Aim of the task:
Pictures stay out of the answer, but every line of the material must be restated exactly.

Segment Start: Supplied information

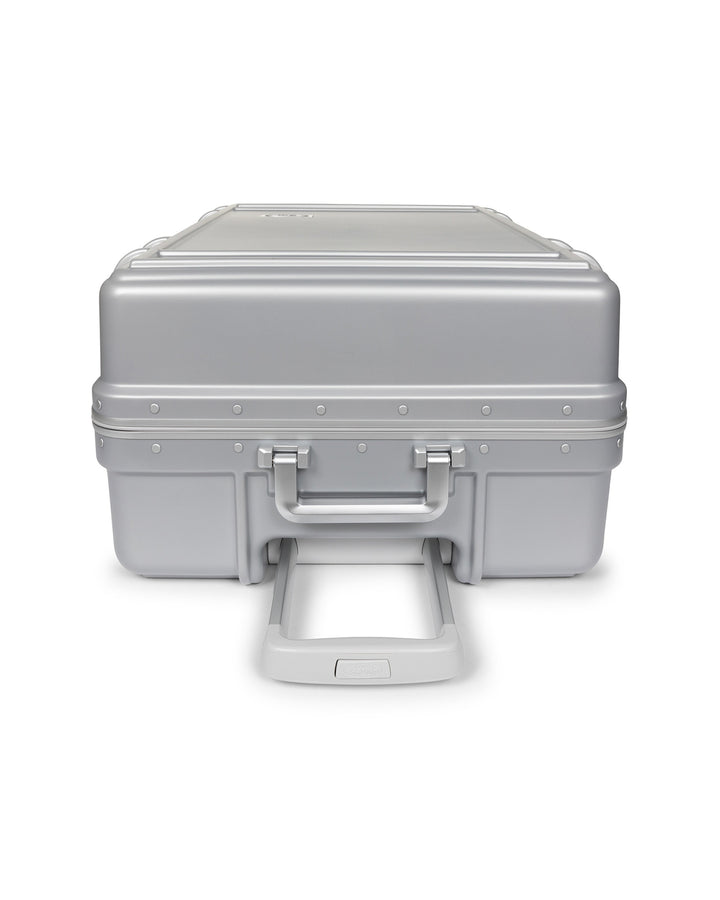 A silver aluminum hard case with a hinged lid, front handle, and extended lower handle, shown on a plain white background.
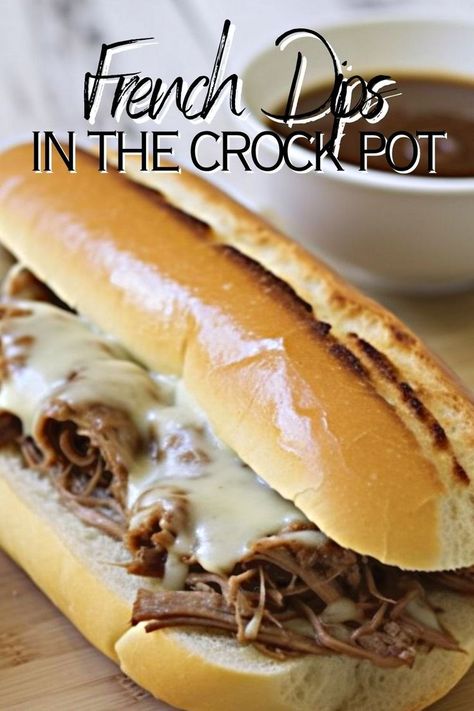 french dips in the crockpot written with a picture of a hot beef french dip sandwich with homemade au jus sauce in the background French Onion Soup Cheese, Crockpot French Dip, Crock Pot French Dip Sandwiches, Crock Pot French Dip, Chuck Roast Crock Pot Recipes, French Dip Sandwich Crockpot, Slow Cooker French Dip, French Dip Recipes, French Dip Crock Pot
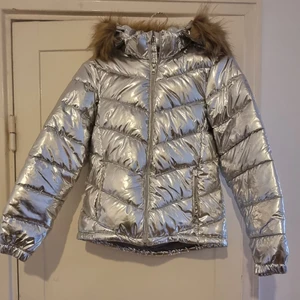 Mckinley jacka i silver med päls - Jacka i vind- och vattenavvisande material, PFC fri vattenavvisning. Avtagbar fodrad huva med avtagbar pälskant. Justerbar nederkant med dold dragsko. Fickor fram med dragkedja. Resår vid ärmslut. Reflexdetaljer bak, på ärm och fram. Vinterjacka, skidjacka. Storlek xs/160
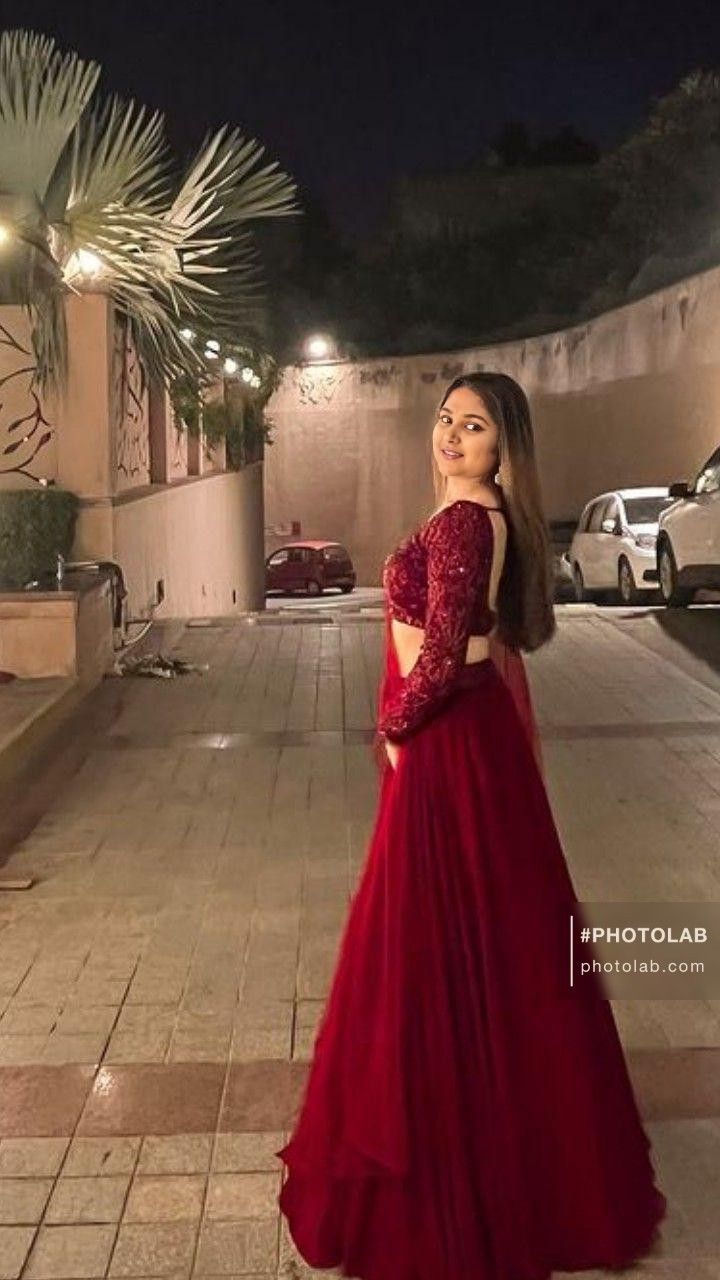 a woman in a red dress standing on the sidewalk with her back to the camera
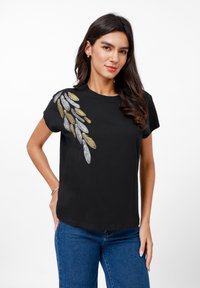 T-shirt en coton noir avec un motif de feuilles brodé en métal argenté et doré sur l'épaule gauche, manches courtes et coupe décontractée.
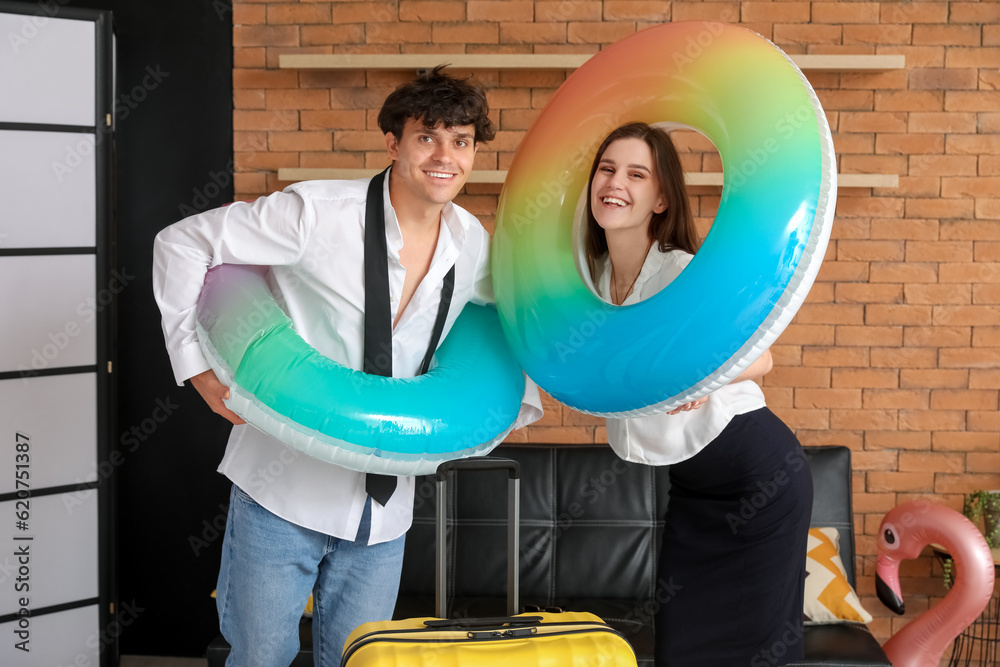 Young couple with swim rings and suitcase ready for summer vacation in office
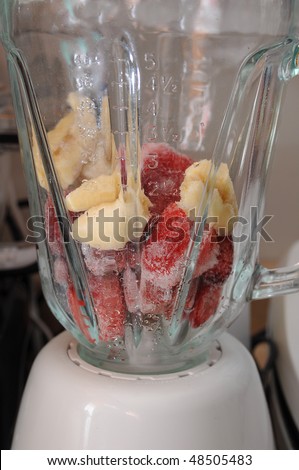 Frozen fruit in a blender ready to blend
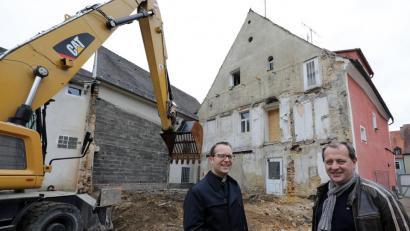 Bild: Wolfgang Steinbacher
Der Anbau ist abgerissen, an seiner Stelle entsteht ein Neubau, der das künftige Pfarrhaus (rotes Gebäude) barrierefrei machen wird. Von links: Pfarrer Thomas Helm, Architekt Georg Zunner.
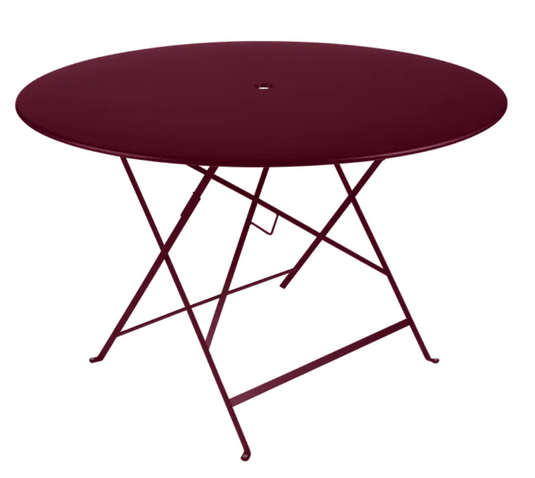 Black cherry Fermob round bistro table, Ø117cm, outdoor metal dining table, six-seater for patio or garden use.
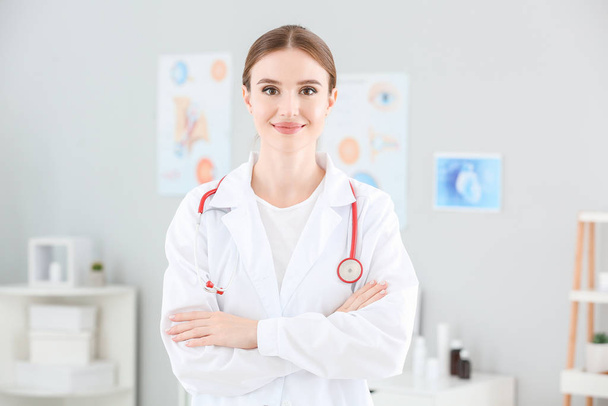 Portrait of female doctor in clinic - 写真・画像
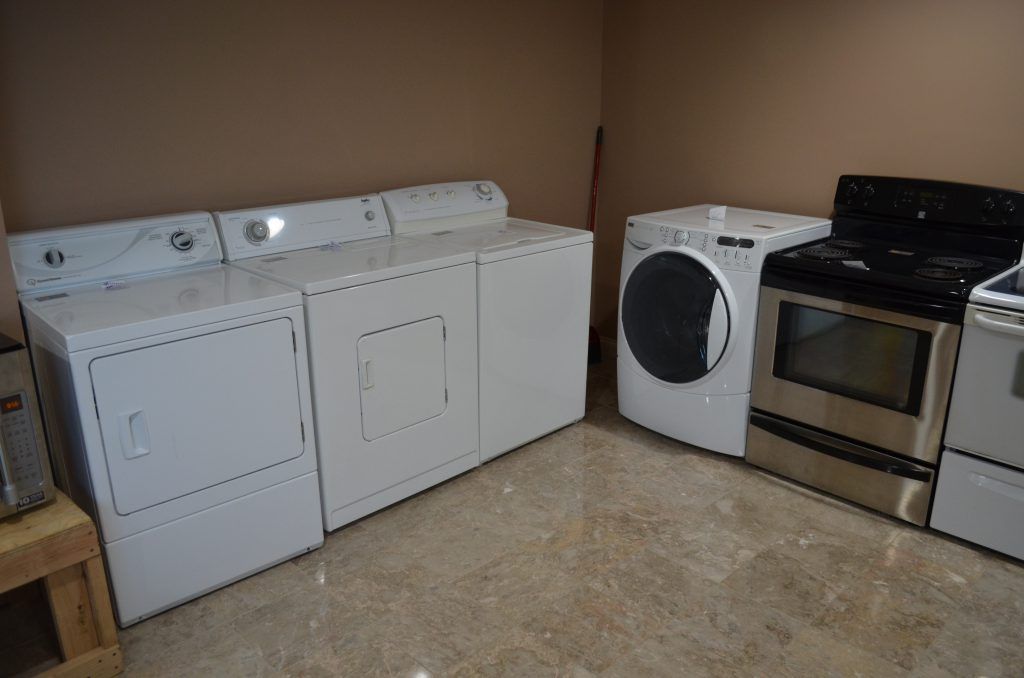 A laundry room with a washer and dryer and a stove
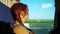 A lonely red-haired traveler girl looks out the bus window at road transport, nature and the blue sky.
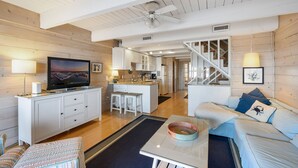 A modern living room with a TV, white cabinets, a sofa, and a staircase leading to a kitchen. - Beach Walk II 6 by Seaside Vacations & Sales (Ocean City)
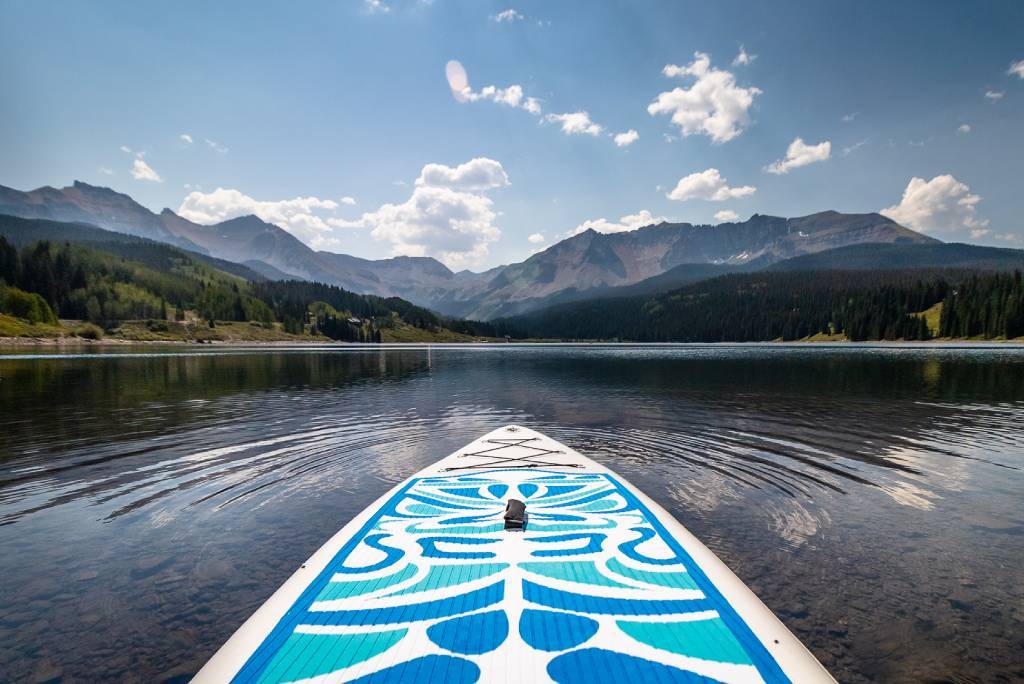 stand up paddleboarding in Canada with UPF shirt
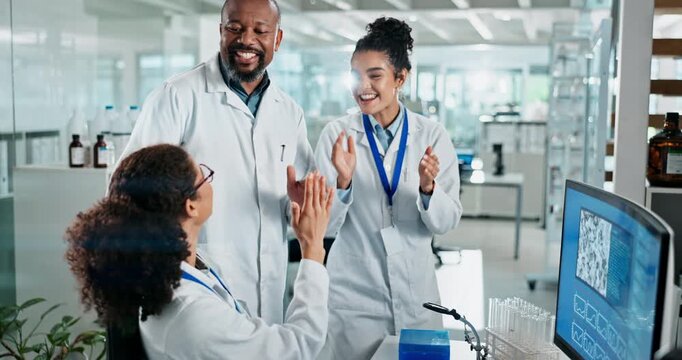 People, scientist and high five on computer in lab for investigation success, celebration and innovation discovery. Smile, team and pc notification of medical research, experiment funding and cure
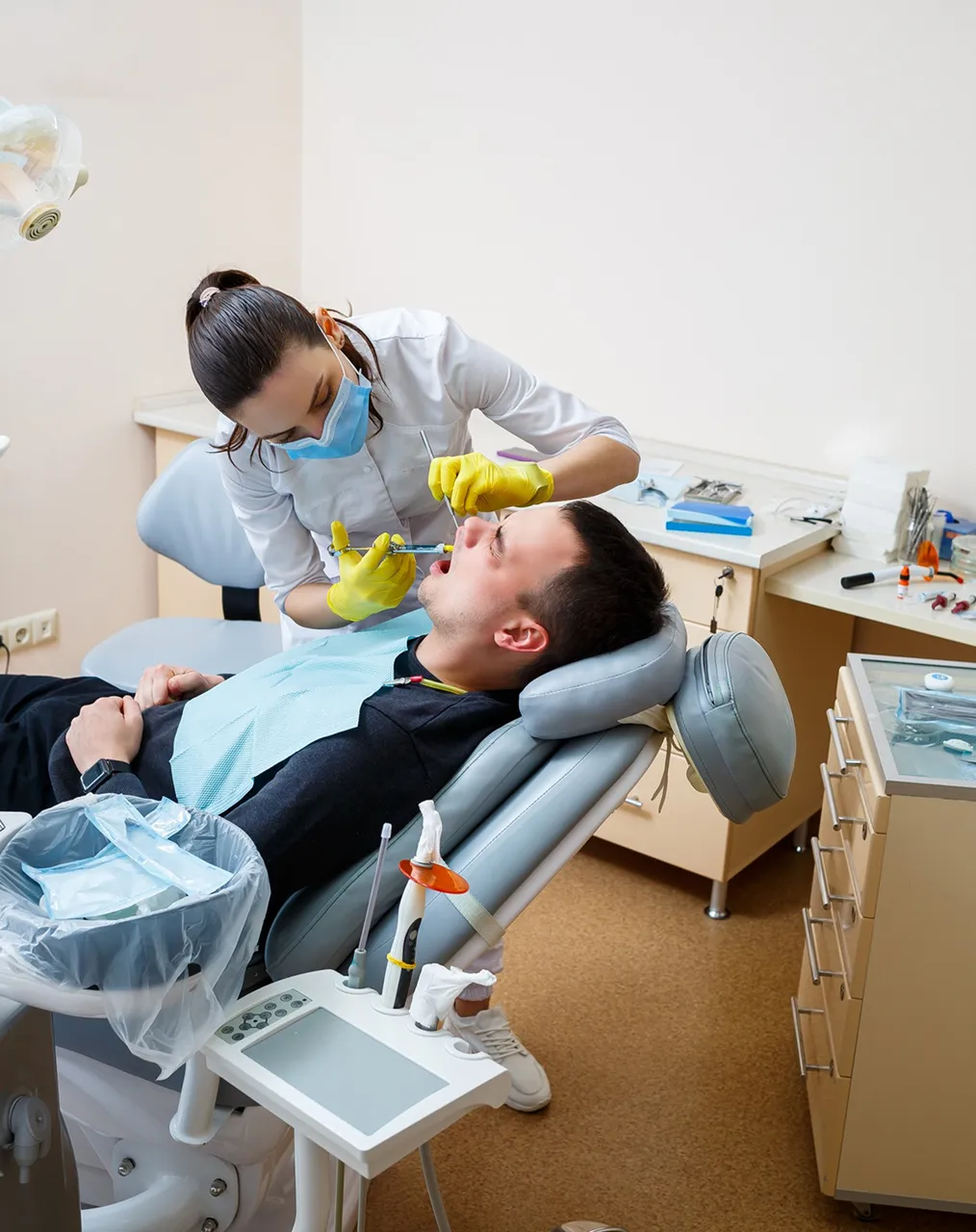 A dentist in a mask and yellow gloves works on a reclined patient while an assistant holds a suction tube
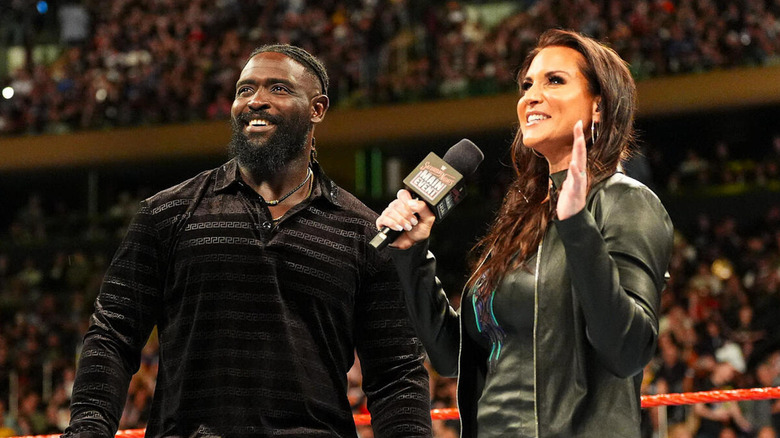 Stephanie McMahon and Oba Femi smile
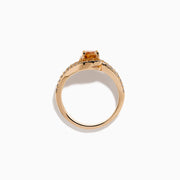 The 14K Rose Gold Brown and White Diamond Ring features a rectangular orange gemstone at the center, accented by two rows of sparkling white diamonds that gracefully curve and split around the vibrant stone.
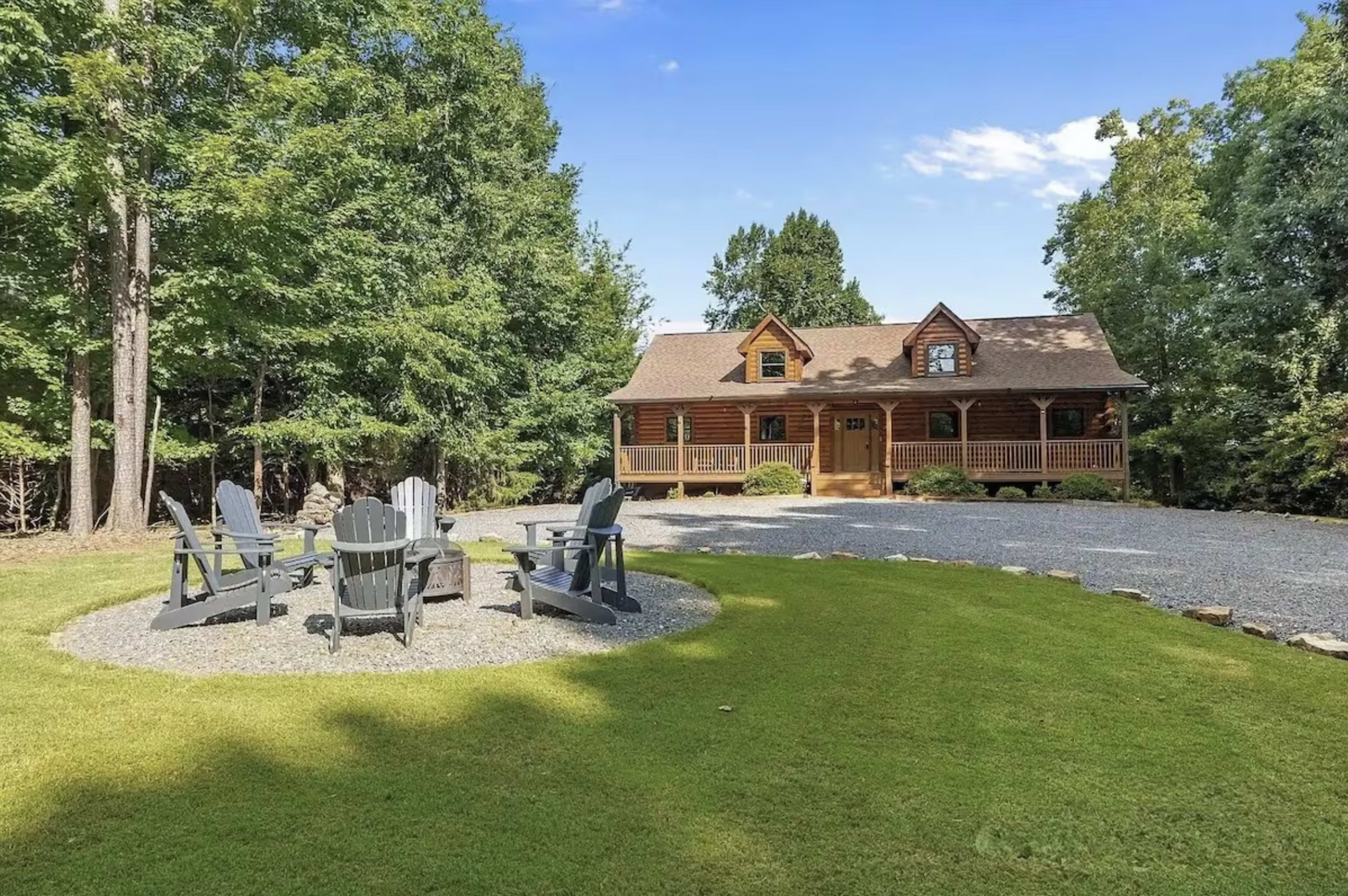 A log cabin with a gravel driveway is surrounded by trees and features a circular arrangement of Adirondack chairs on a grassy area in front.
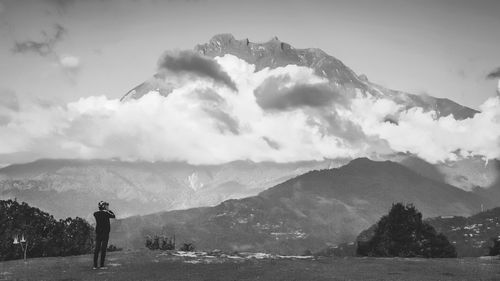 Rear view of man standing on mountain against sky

Segment End: Supplied information

Solution below:
 A silver aluminum hard case with a hinged lid, front handle, and extended lower handle, shown on a plain white background.
 french dips in the crockpot written with a picture of a hot beef french dip sandwich with homemade au jus sauce in the background French Onion Soup Cheese, Crockpot French Dip, Crock Pot French Dip Sandwiches, Crock Pot French Dip, Chuck Roast Crock Pot Recipes, French Dip Sandwich Crockpot, Slow Cooker French Dip, French Dip Recipes, French Dip Crock Pot
 Mckinley jacka i silver med päls - Jacka i vind- och vattenavvisande material, PFC fri vattenavvisning. Avtagbar fodrad huva med avtagbar pälskant. Justerbar nederkant med dold dragsko. Fickor fram med dragkedja. Resår vid ärmslut. Reflexdetaljer bak, på ärm och fram. Vinterjacka, skidjacka. Storlek xs/160
 a woman in a red dress standing on the sidewalk with her back to the camera
 T-shirt en coton noir avec un motif de feuilles brodé en métal argenté et doré sur l'épaule gauche, manches courtes et coupe décontractée.
 Young couple with swim rings and suitcase ready for summer vacation in office
 Frozen fruit in a blender ready to blend
 Bild: Wolfgang Steinbacher
Der Anbau ist abgerissen, an seiner Stelle entsteht ein Neubau, der das künftige Pfarrhaus (rotes Gebäude) barrierefrei machen wird. Von links: Pfarrer Thomas Helm, Architekt Georg Zunner.
 Black cherry Fermob round bistro table, Ø117cm, outdoor metal dining table, six-seater for patio or garden use.
 Portrait of female doctor in clinic - 写真・画像
 A laundry room with a washer and dryer and a stove
 A lonely red-haired traveler girl looks out the bus window at road transport, nature and the blue sky.
 A modern living room with a TV, white cabinets, a sofa, and a staircase leading to a kitchen. - Beach Walk II 6 by Seaside Vacations & Sales (Ocean City)
 stand up paddleboarding in Canada with UPF shirt
 People, scientist and high five on computer in lab for investigation success, celebration and innovation discovery. Smile, team and pc notification of medical research, experiment funding and cure
 A dentist in a mask and yellow gloves works on a reclined patient while an assistant holds a suction tube
 Stephanie McMahon and Oba Femi smile
 The 14K Rose Gold Brown and White Diamond Ring features a rectangular orange gemstone at the center, accented by two rows of sparkling white diamonds that gracefully curve and split around the vibrant stone.
 A log cabin with a gravel driveway is surrounded by trees and features a circular arrangement of Adirondack chairs on a grassy area in front.
 Rear view of man standing on mountain against sky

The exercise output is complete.